You're probably encountering the user mode RSP when SYSRET happens.
--Andy
On 12/16/15, Andy Lutomirski <[email protected]> wrote:
> On Dec 16, 2015 3:12 PM, "Jeff Merkey" <[email protected]> wrote:
>>
>> Setting a hardware breakpoint at the
>>
>> rex64 sysret
>>
>> instruction at the end of int_ret_from_sys_call causes the system to
>> triple fault
>> and reboot when the breakpoint is triggered. Appears to be related
>> the same problem
>> as the lockup.
>>
>> This function can be stepped over and traced through with the TRAP
>> FLAG set so long as a hardware breakpoint is set somewhere in the
>> function. Otherwise upon exist the system hard hangs. If you break
>> exactly on that instruction -- reboot. If you break a few
>> instructions before it and single step through the call it works. If
>> you step through the call with no breakpoint the system hard hangs.
>> Same behavior as when you try to step from inside an nmi handler.
>> Looks related.
>
> You're probably encountering the user mode RSP when SYSRET happens.
>
> --Andy
>
Hi Andy,
Could be, but I am getting a double fault message with an error code
of 0 that then scrolls off the screen when the triple fault hits. It
flashes too quickly to get the function address -- wish I had a logic
analyzer with an inverse assembler -- would already be there. A
usermode RSP would I assume clear TRAP flag and that does not explain
why it works if I set a breakpoint right above the instruction then
step over it, which I can without the triple fault.

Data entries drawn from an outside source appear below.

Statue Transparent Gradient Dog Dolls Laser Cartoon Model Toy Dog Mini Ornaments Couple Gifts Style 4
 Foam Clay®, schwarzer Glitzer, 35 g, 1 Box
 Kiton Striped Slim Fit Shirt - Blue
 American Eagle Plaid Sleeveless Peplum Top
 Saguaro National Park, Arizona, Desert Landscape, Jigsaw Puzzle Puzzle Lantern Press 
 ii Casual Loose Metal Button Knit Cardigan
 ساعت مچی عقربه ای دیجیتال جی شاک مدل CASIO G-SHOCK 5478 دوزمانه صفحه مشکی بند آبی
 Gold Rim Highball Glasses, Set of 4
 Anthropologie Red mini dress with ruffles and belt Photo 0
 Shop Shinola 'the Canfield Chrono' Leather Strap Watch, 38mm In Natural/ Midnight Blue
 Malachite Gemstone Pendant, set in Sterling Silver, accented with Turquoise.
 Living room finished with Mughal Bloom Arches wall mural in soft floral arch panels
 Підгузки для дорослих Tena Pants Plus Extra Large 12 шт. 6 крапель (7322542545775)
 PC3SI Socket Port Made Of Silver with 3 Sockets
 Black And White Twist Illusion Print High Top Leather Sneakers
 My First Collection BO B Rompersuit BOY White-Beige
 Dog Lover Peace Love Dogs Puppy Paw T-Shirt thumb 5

Easy to reproduce, download the mdb debugger for 4.3.3 and apply it to
4.4-rc5, modprobe mdb, echo a > /proc/sysrq_trigger, u
int_ret_from_syscall (scroll til you get to the swapgs then rex64
sysret, set a hardware breakpoint at that address , i.e. b
ffffffff81673ae1 (or whatever address the swapgs instruction is at),
then step through with t a few times (should just return after rex64
sysret since it returns to user space). The set a breakpoint at the
rex64 sysret instruction, b <address>, let it break at the
instruction, then hit g for go and watch the fireworks -- it will try
to print a double fault message then reboot.
I handle the whole user RSP thing, I just return if I see regs set to
user space. This looks like some sort of problem in the exception
handlers.
Jeff
On Wed, Dec 16, 2015 at 4:31 PM, Jeff Merkey <[email protected]> wrote:
> On 12/16/15, Andy Lutomirski <[email protected]> wrote:
>> On Dec 16, 2015 3:12 PM, "Jeff Merkey" <[email protected]> wrote:
>>>
>>> Setting a hardware breakpoint at the
>>>
>>> rex64 sysret
>>>
>>> instruction at the end of int_ret_from_sys_call causes the system to
>>> triple fault
>>> and reboot when the breakpoint is triggered. Appears to be related
>>> the same problem
>>> as the lockup.
>>>
>>> This function can be stepped over and traced through with the TRAP
>>> FLAG set so long as a hardware breakpoint is set somewhere in the
>>> function. Otherwise upon exist the system hard hangs. If you break
>>> exactly on that instruction -- reboot. If you break a few
>>> instructions before it and single step through the call it works. If
>>> you step through the call with no breakpoint the system hard hangs.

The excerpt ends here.